A surfactant-free strategy for controllable growth of various hierarchical CuO nanostructures was successfully achieved through a facile, one-pot solution-phase transformation of CuxMy(OH)z (M = SO42−, Cl−, NO3− and CH3COO−) precursors method without extra heat treatment in air. The formation of CuO nanostructures here is essentially determined by the species of CuxMy(OH)z precursors. The nanoparticle aggregation with controllable shapes can be formed under different concentrations of reactants. Hierarchical CuO nanoflowers with different branched building blocks were prepared by the transformation of Cu4(SO4)(OH)6 precursors. Hierarchical CuO nanospindles and nanoplates were fabricated by the transformation of Cu2(OH)3NO3 precursors. Hierarchical CuO nanoplate assemblies and nanoplates were synthesized by the transformation of Cu7Cl4(OH)10H2O and C8H6Cu3O104H2O precursors, respectively.
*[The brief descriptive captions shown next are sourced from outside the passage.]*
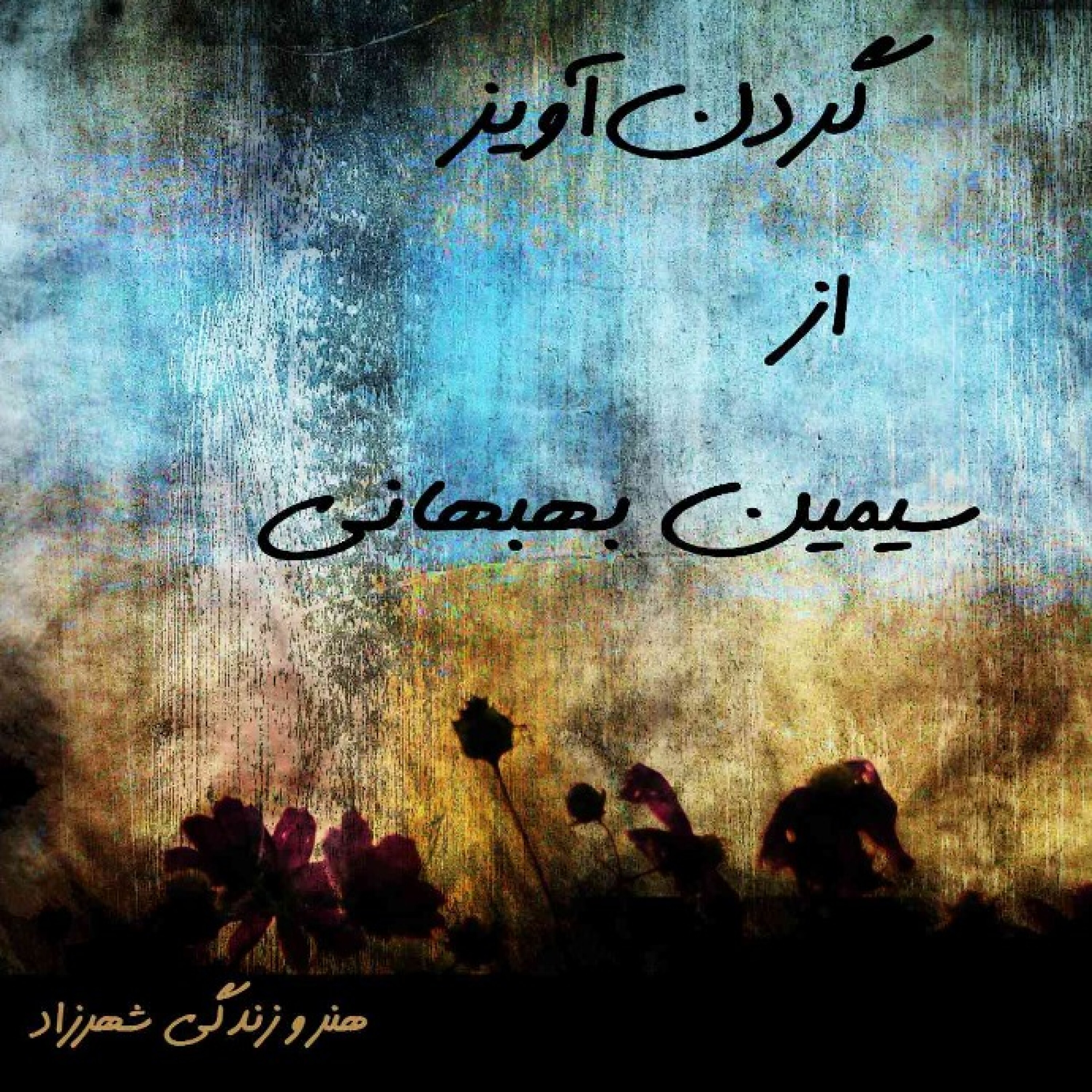شعری از #سیمین_بهبهانی    «گردن‌آویز» episode artwork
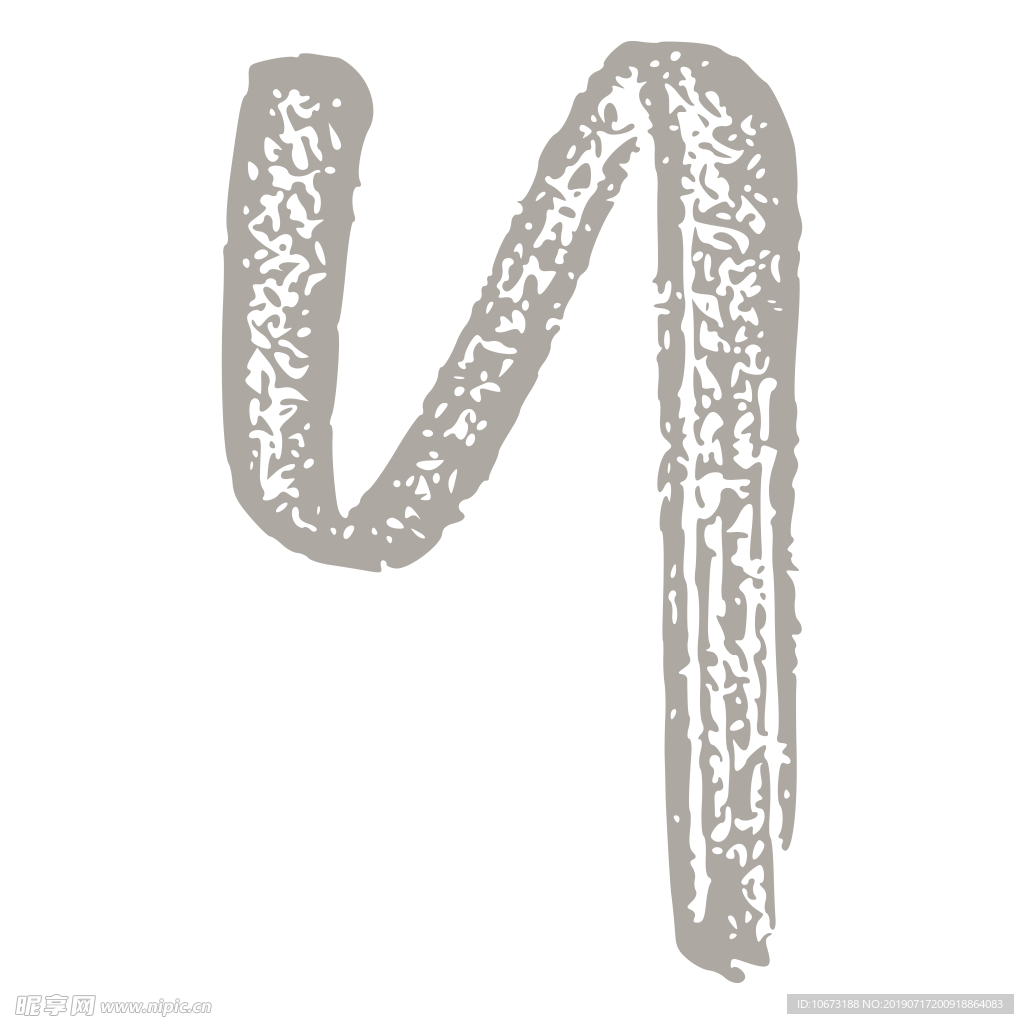 卡通字母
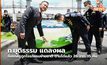 ก.ยุติธรรม แถลงผลจับรถหรูถูกโจรกรรมข้ามชาติ ตามได้แล้ว 26 จาก 35 คัน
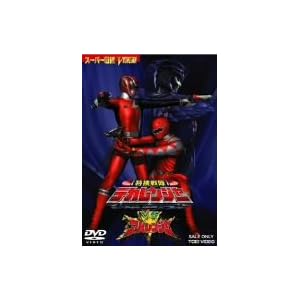 【クリックでお店のこの商品のページへ】特捜戦隊デカレンジャーVSアバレンジャー [DVD]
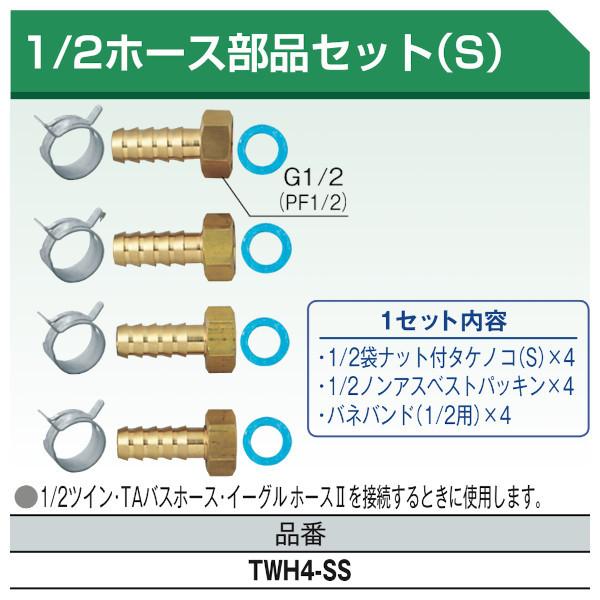 1/2ホース部品セット(S) 10セット 東洋アルチタイト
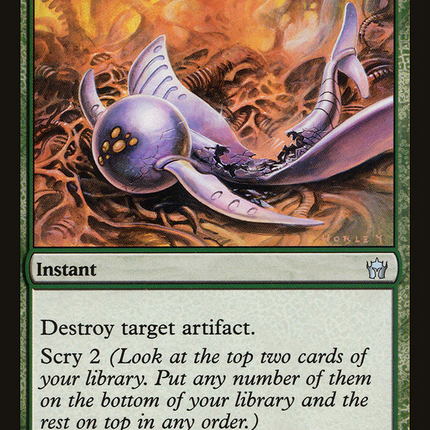Tel-Jilad Justice (5DN-095) - Fifth Dawn Foil
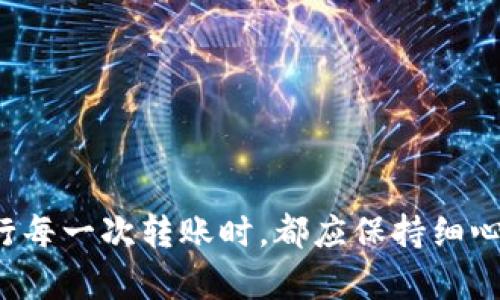 TP钱包（TokenPocket Wallet）是一个多链数字资产钱包，允许用户存储和管理多种加密货币，包括以太坊、比特币等。TP钱包不仅支持数字资产的存储，还提供了灵活的资产转账功能。

### 是否可以转账到其他钱包？

是的，TP钱包允许用户将资产转账到其他钱包。你可以通过以下步骤进行转账操作：

步骤一：打开TP钱包
首先，确保你的TP钱包已成功下载并打开。如果你还没有账户，需先创建一个钱包并进行必要的备份。

步骤二：选择要转账的资产
在钱包的界面上，选择你想要转账的加密货币。例如，如果你想转账以太坊，就点击以太坊的图标。

步骤三：选择“转账”功能
在选中的资产界面，找到并点击“转账”按钮，进入转账页面。

步骤四：输入收款地址
在转账页面，输入你想要转账的收款地址。确保地址的准确性，因为加密货币转账一旦发送，就无法撤回。

步骤五：输入转账金额
在地址下方，你需要输入你想要转账的金额。请注意，确保你的账户中有足够的余额，并预留出交易费用。

步骤六：确认转账
输入完地址和金额后，仔细核对信息，然后点击确认按钮。系统会提示你输入钱包密码或其他安全验证方式，以确保交易的安全性。

步骤七：查看交易状态
转账发起后，你可以在“交易记录”中查看交易状态。等待区块链确认后，资产将到账。

### 风险与注意事项

在进行转账时，有几个方面需要特别注意：

- **地址正确性**：一定要彻底检查收款地址的准确性，可以通过二维码扫描或者复制粘贴来避免手动输入错误。
- **交易费用**：每次转账都会产生网络费用，确保你账户内有足够的可用余额。
- **不可逆转性**：加密货币转账是不可逆的，因此在进行转账之前请仔细核对所有信息。
- **钓鱼诈骗**：保护好你的钱包助记词与私钥，不要分享给他人，保持警惕，防止钓鱼攻击。

### TP钱包的其他功能

TP钱包不仅仅局限于转账，它还提供了多种功能，帮助用户更好地管理和使用自己的资产。

1. 多链支持
TP钱包支持多个区块链网络，用户可以轻松地在不同资产之间进行转换与管理，灵活处理各种数字资产。

2. 去中心化交易所访问
用户可以直接通过TP钱包访问去中心化交易所，进行交易，体验无缝的数字资产交换。

3. dApps支持
TP钱包内置了众多去中心化应用（dApps），用户可以方便地接入DeFi、NFT等新兴数字资产和服务。

4. 安全性保障
TP钱包提供多重安全机制，包括生物识别技术、加密存储等，确保用户的数字资产安全无忧。

### 结语

TP钱包的转账功能简单易用，为用户提供了便捷的资产管理体验。通过遵循上述步骤，可以轻松将数字货币转账至其他钱包。然而，用户在进行每一次转账时，都应保持细心和谨慎，以确保自己的数字资产安全。在这个快速发展的数字经济时代，选择TP钱包，合理使用您的加密资产，将有效提升您的财富管理能力。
Structural and morphological evolutions were investigated by X-ray diffraction (XRD), transmission electron microscopy (TEM), high-resolution transmission electron microscopy (HRTEM), and field-emission scanning electron microscopy (FESEM). This study is of great importance in controllable synthesis of surfactant-free CuO nanostructures, because it not only enriches the family of CuO architectures but also offers a good chance to understand the nature of the solution-phase precursor transformation method for synthesizing CuO nanostructures. Significantly, it is believed that this surfactant-free solution-phase precursor-driven synthesis of nanostructures presented here might provide a green approach to design and growth other well-defined metal oxide nanostructures.